The gloomy equivalent to a wake sets the scene for a low-key production with detailed attention paid to its setting and the director's belief that this work speaks volumes about life in certain Islamic countries right up to the present day.
You would hardly know it but the crumbling, Moorish pile that houses Bernarda, her five daughters and a couple of wilful servants is visualised in the very recent past. However, apart from Emily Mann's modern idioms with Arabic infusions, the only real indications that this is not some time early in the last century are a modern vacuum cleaner and a sewing machine.
Even if the cons are mod, the attitudes are not. Bernarda expects the mourning season for her late husband's to be devoid of all semblance of pleasure with the girls dressed in black for a respectful period that seems to them eternal.
This is tough on a group that has little chance of future happiness. Lack of money means that only the oldest half-sister Asieh, played by Pandora Colin as a humourless mouse with the good fortune to have been left well-off, is a good catch. As a result, she is promised to the town's best-looking man, Parveez Romani.
The path of untrue love runs far from smoothly, as the sisters between them run the full spectrum of emotions in response to their sibling's good fortune.
The most extreme reactions come from the youngest, Adela (pronounced odderlay) and hump-backed Elmira.
In the former role, Hara Yannas proves an enthusiastically fresh-faced performer who conveys Adela's sexual desperation with conviction. By contrast, Amanda Hale as Elmira is the epitome of sororal jealousy.
However the catalyst for events prefigured by the family's wild white stallion and mad white grandmother is the eponymous Bernarda.

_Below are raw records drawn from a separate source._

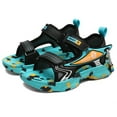 thumbnail image 4 of Wdgfv Boys Sandals Kids Hiking Sandals Toddler Sandals Boys Girls Summer Sandals No Rubber Sole Toddler Shoes Black 4-4.5 Years, 4 of 4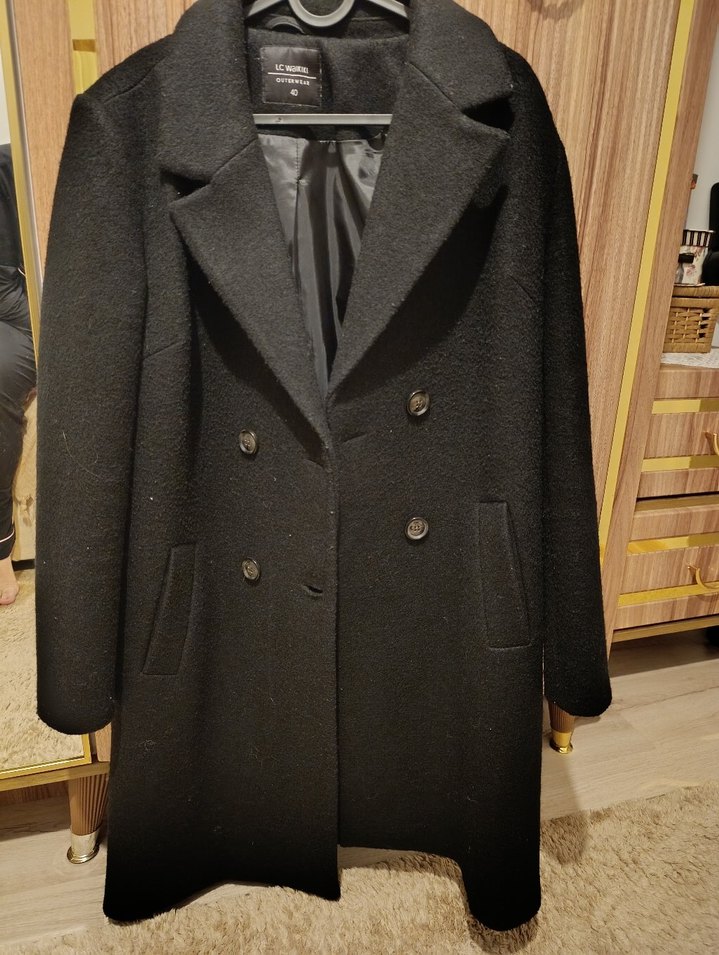 Siyah Çift Düğmeli Yün kaban - Görsel 2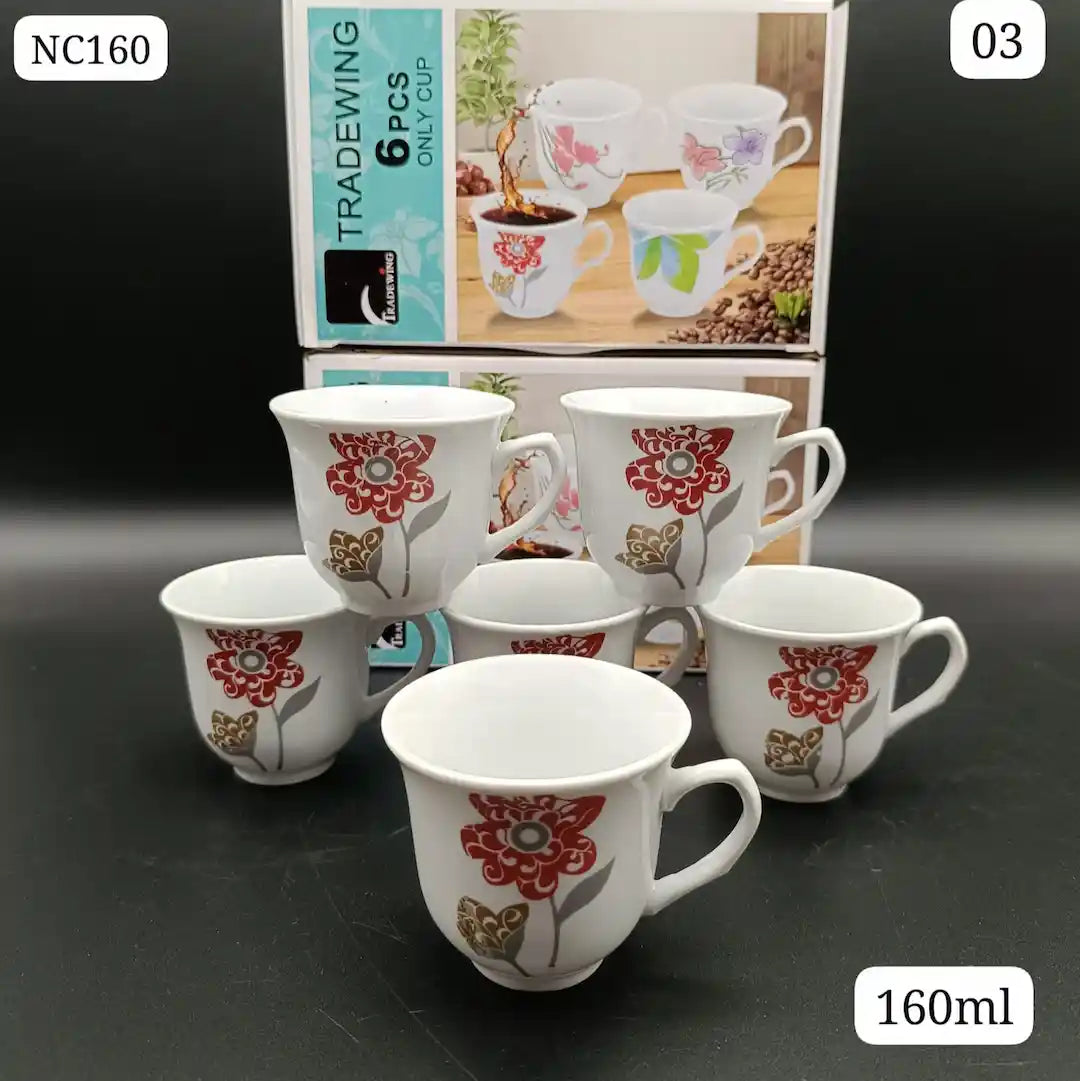 Ceramic Tea Cup Set 160ml – 6 Piece | Four Designs | Daily Tea & Coffee Cups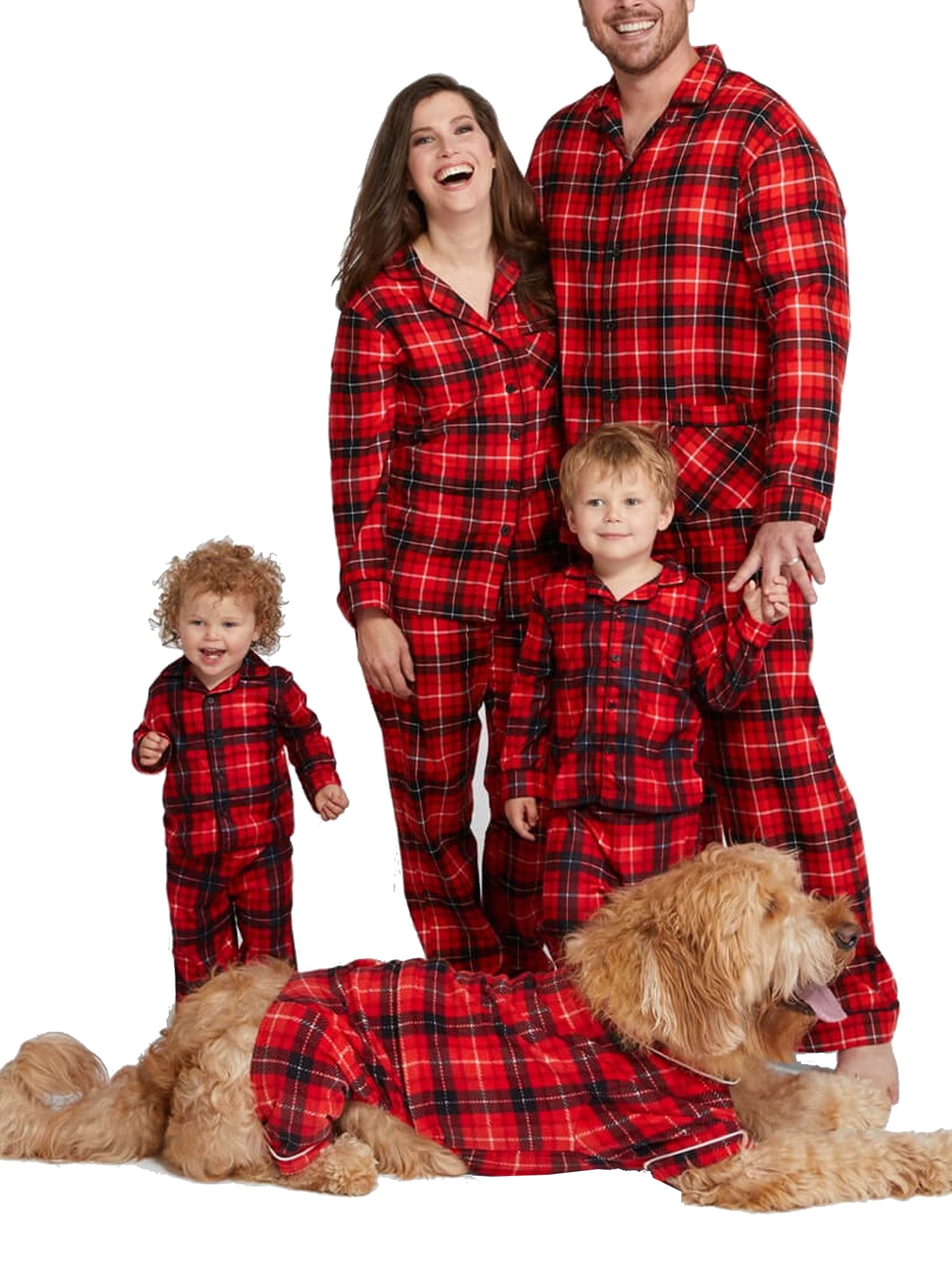Gwiyeopda Family Matching Christmas Pajamas Set Red Plaid Pjs Pyjama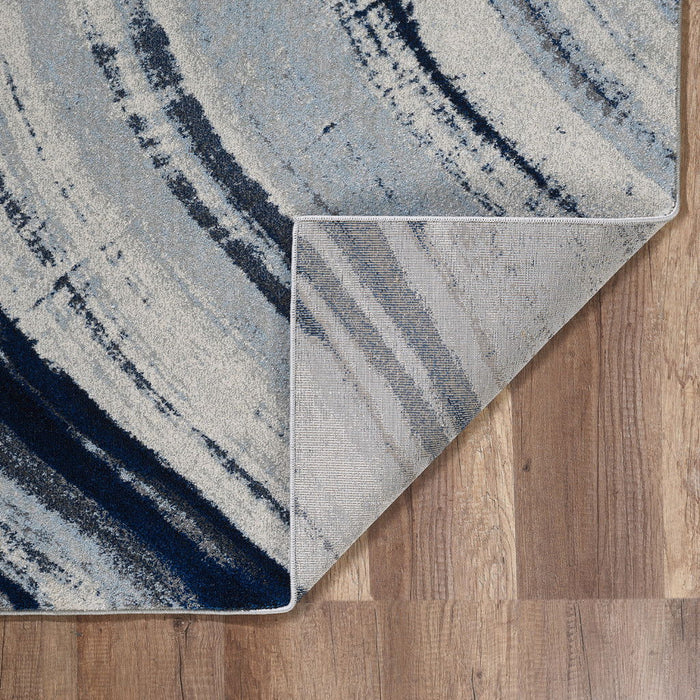 10' x 13' Abstract Strokes Modern Area Rug - Navy Ivory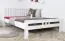 "Easy Premium Line" Doppelbett K8 in Überlänge 140 x 220 cm, Buche Vollholz massiv weiß lackiert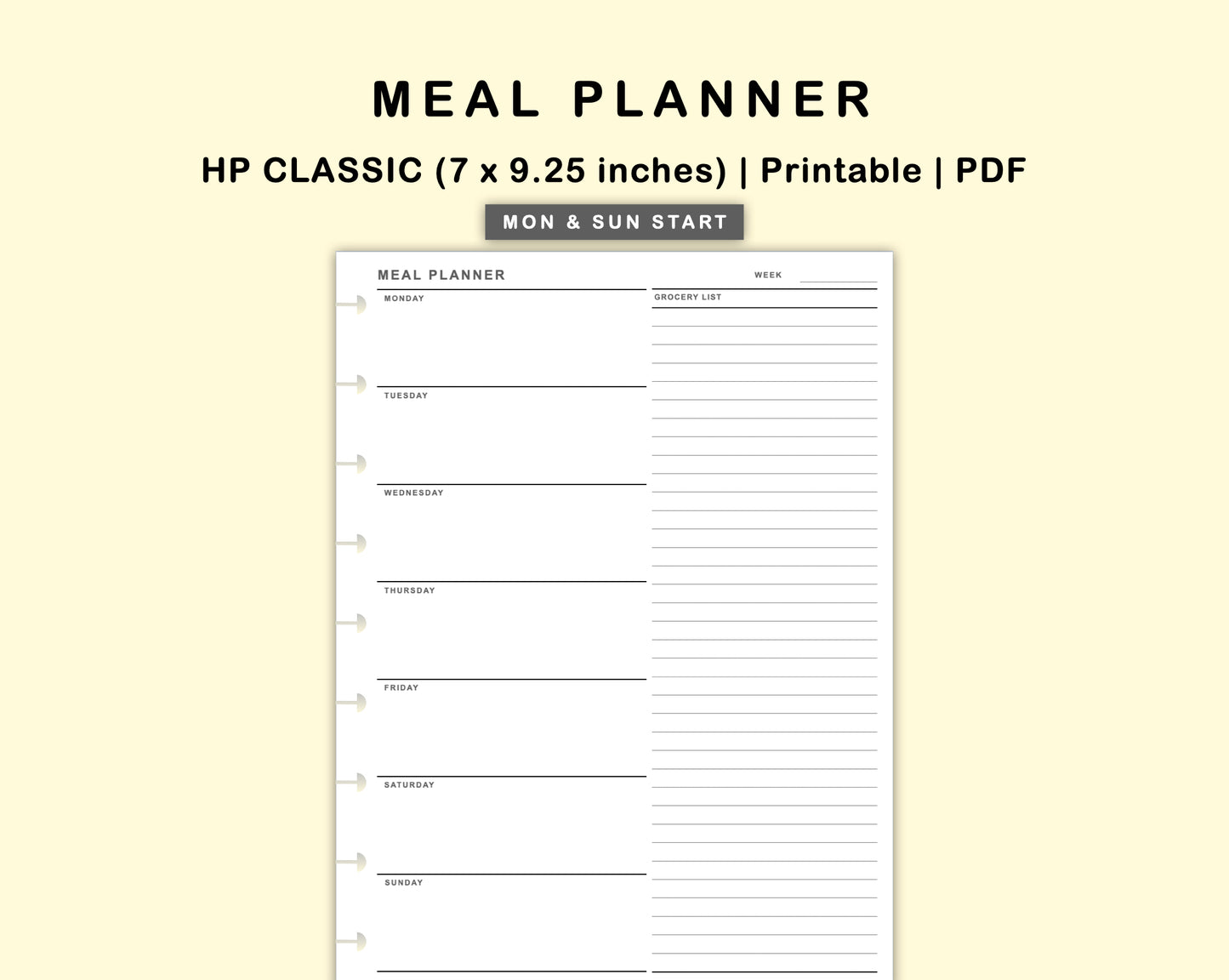 Classic HP Inserts - Meal Planner with Grocery List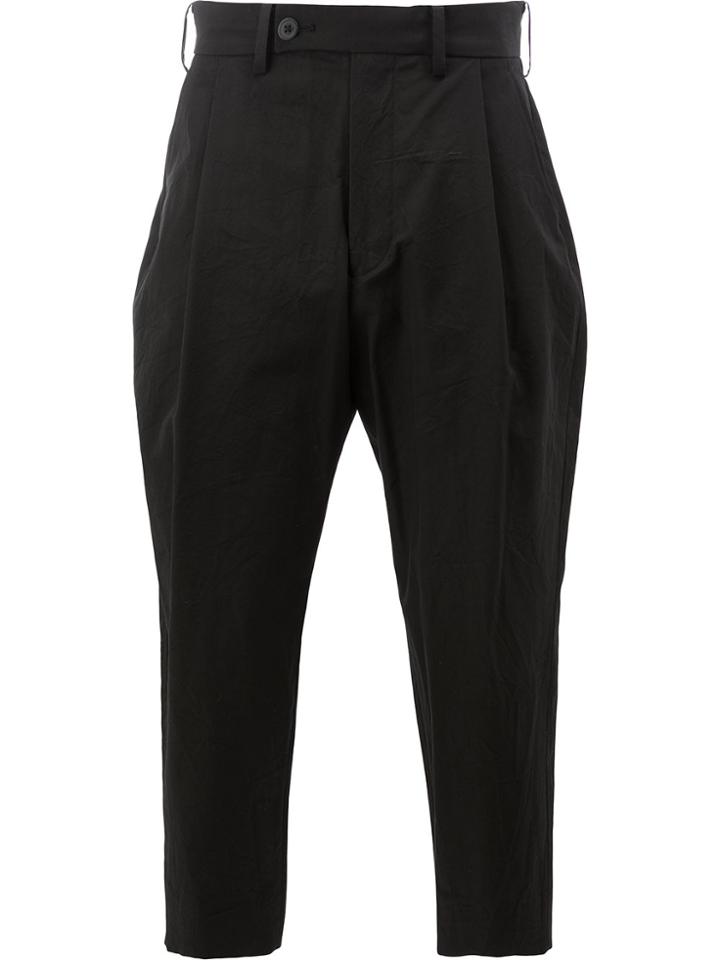 08sircus Tapered Tailored Trousers - Black
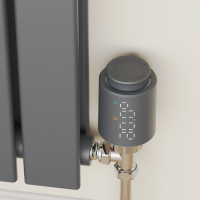 electriQ Smart Modern LED TRV Thermostatic Radiator Valves Wi-Fi Version Anthracite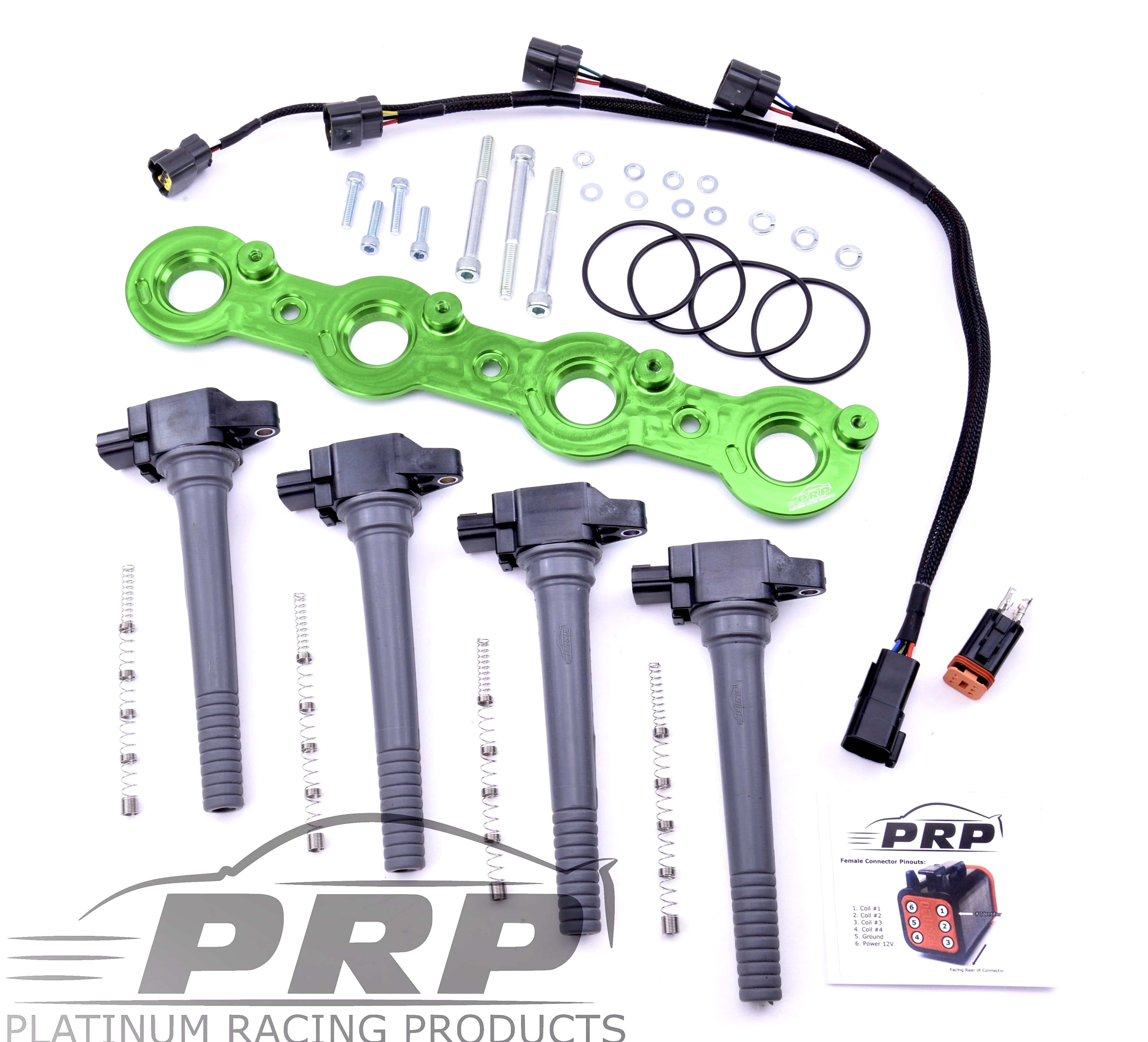 Platinum Racing Products Ignition Coil Kit Green / Coils, Bracket, Stalks Nissan FJ20 Coil Kit SR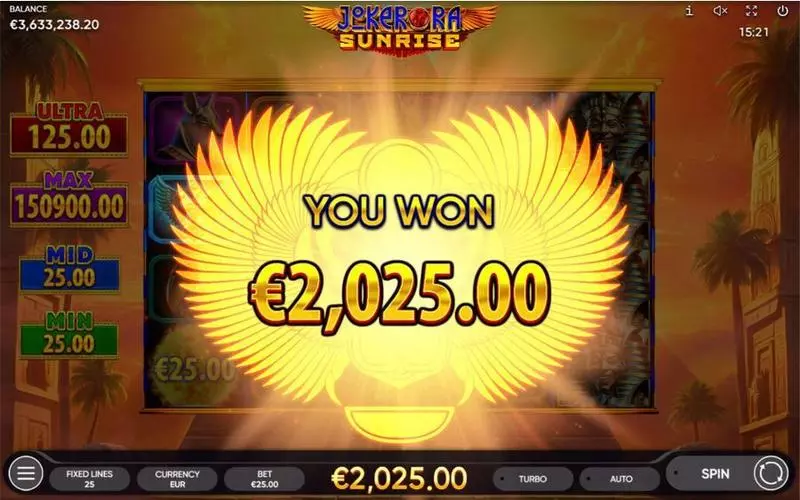 Joker Ra - Sunrise Endorphina Slot Winning Screenshot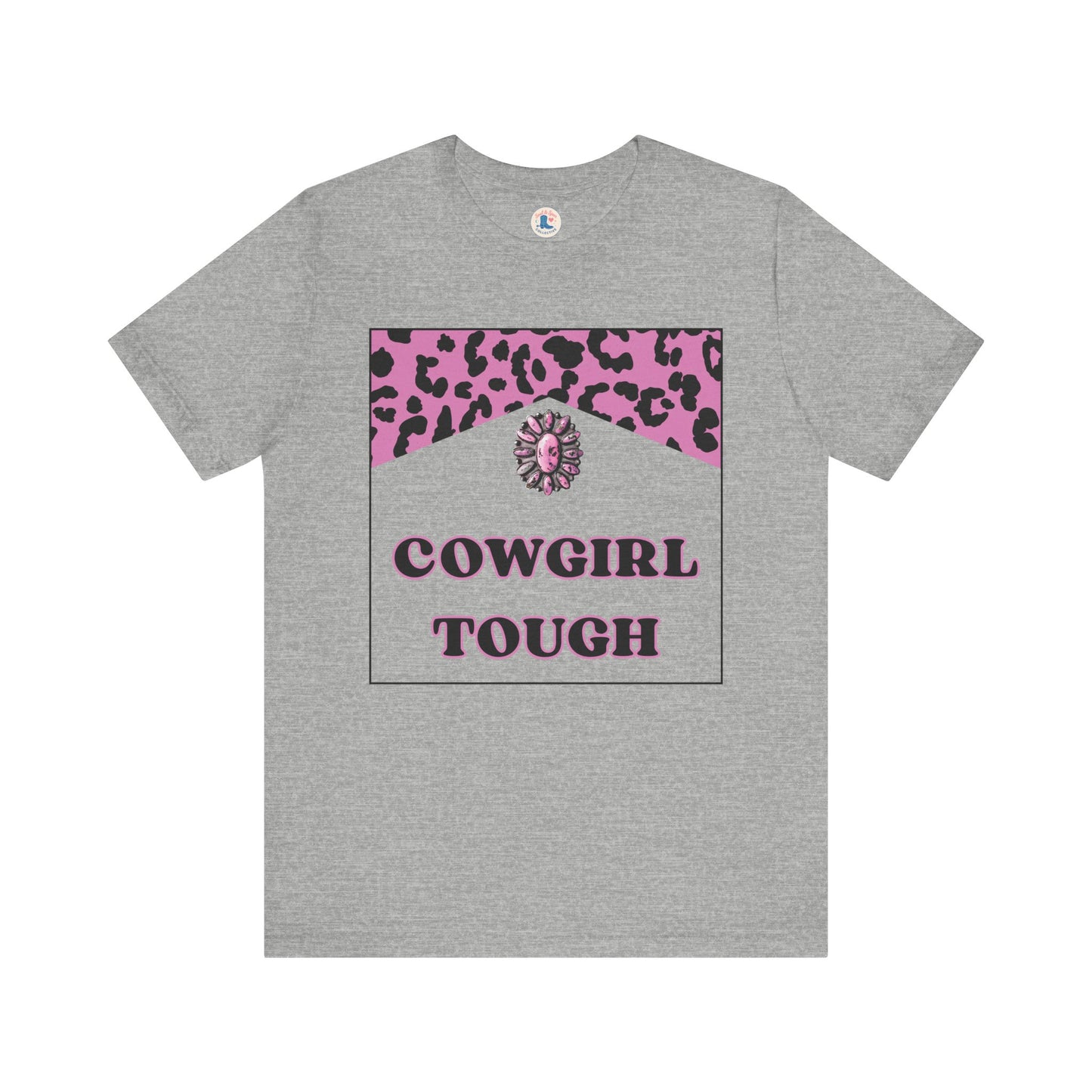 “Cowgirl Tough” Pink Leopard Rodeo Tee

American-based Iranian actress, Shohreh Aghdashloo, perhaps best known for her award-winning performance in House of Sand and Fog, takes the leading role. She gives the terrifying widow a charming, smoky voice and limp supported by a walking cane that hide a toughness worthy of a street fighter rather than a woman for whom snobbish class distinction and reputation are all.
She receives good support from Jane Bertish in the role of Darya, a servant who understands the family far better than Bernarda Alba ever will.
This unusual reading takes time to stoke up its fires but, having done so, becomes a moving experience that makes us see the repression in some contemporary countries as a parallel to that in Franco's Spain during Lorca's sadly curtailed life.